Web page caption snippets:
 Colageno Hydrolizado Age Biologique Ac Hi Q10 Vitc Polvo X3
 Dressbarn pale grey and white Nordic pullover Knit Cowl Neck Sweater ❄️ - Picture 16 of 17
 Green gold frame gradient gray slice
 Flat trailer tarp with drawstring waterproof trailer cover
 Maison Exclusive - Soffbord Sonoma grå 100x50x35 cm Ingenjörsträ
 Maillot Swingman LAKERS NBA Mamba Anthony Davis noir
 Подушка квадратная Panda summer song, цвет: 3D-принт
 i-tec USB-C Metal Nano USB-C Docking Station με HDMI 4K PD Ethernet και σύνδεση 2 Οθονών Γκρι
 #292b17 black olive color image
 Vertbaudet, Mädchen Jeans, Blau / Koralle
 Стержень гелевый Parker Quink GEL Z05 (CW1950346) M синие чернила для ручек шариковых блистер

> _Problem details_:
Copy exactly the lines from the one containing "Maillot Swingman LAKERS" through the last line of the records, both included, and nothing else.

> _Response_:
 Maillot Swingman LAKERS NBA Mamba Anthony Davis noir
 Подушка квадратная Panda summer song, цвет: 3D-принт
 i-tec USB-C Metal Nano USB-C Docking Station με HDMI 4K PD Ethernet και σύνδεση 2 Οθονών Γκρι
 #292b17 black olive color image
 Vertbaudet, Mädchen Jeans, Blau / Koralle
 Стержень гелевый Parker Quink GEL Z05 (CW1950346) M синие чернила для ручек шариковых блистер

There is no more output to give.